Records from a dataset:
------------------------

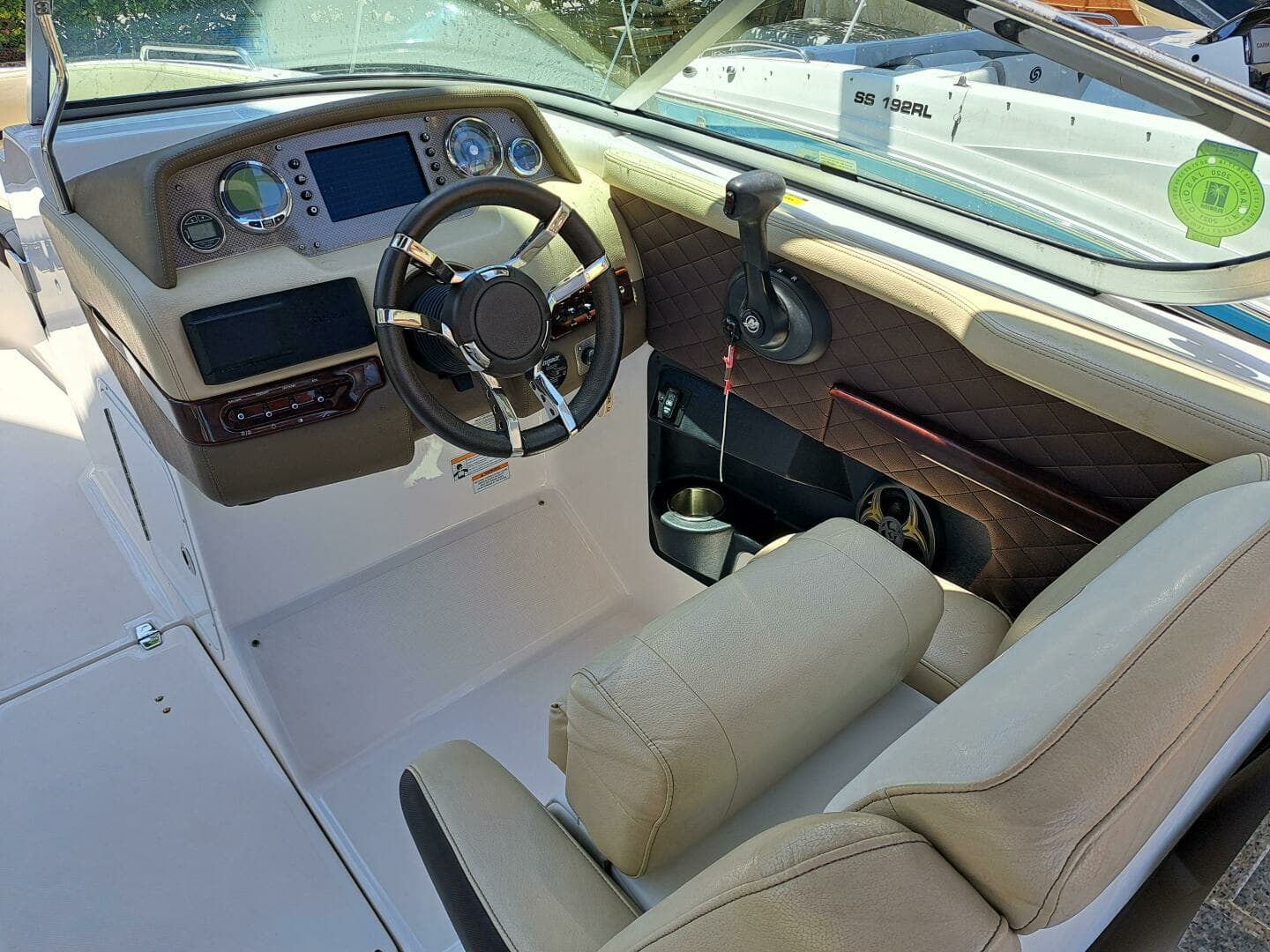 2014 Regal 2700 Bowrider - Image 11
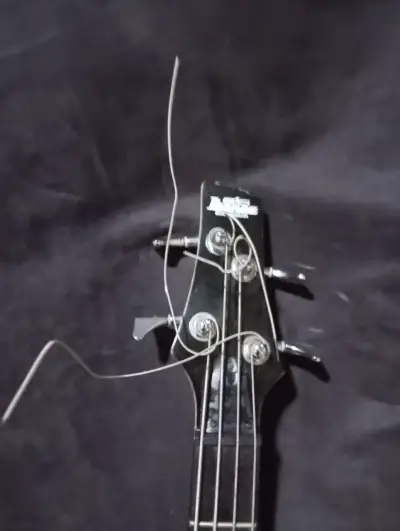 Bajo eléctrico Ibanez GIO Soundgear - miniatura 3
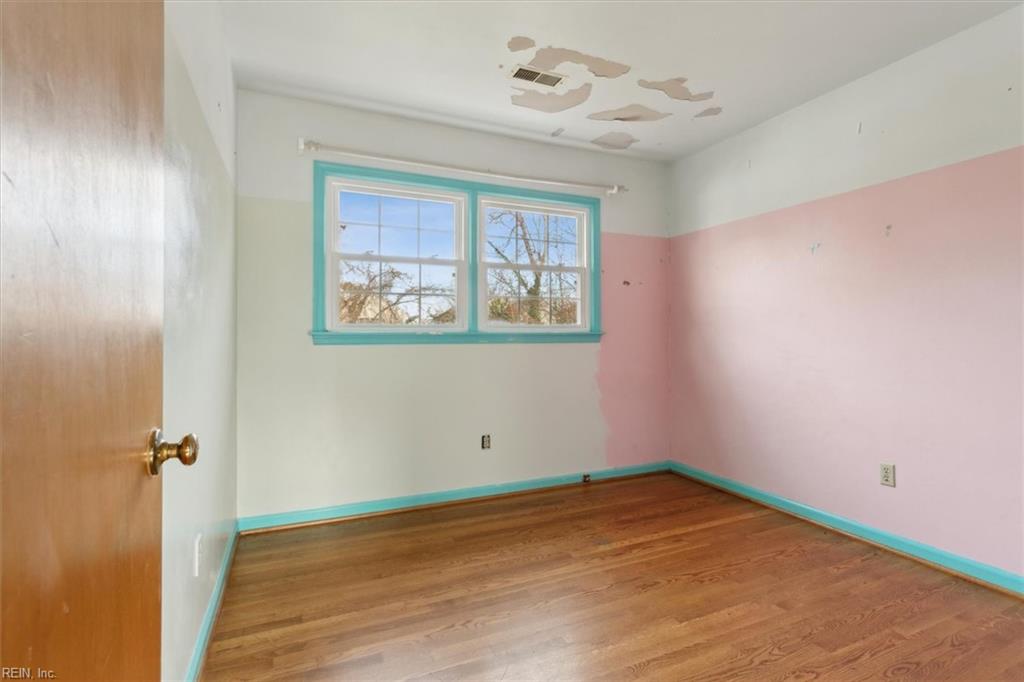 4015 Catesby Jones DR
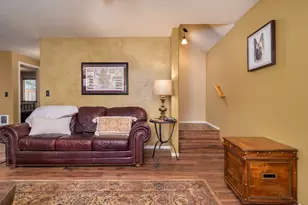 601 W 1st St, Newberg, OR 97132 - Photo 12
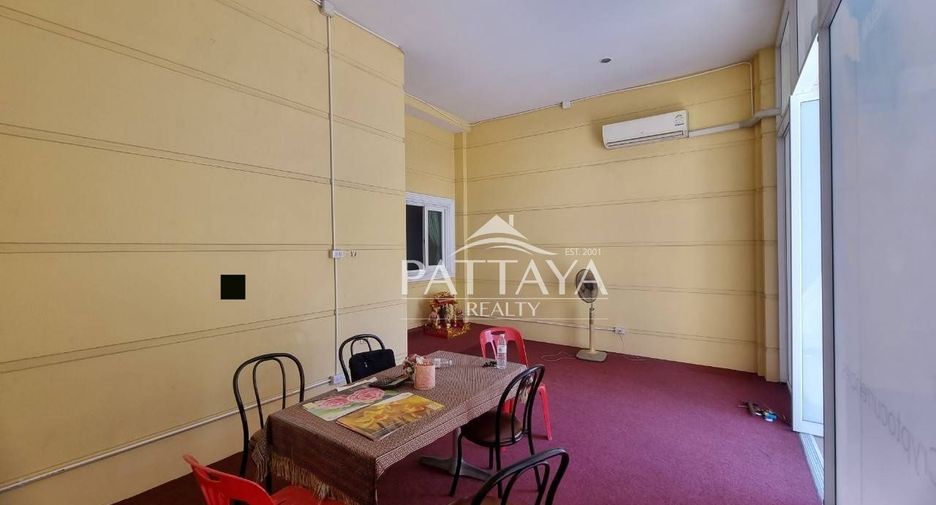For rent 2 bedrooms townhouse in Bang Lamung, Chonburi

------------------------

-- Exercise description --
The lines above should be transcribed exactly, with every image removed.

-- Answer to the exercise --
 2014 Regal 2700 Bowrider - Image 11
 Bajo eléctrico Ibanez GIO Soundgear - miniatura 3
 4015 Catesby Jones DR
 601 W 1st St, Newberg, OR 97132 - Photo 12
For rent 2 bedrooms townhouse in Bang Lamung, Chonburi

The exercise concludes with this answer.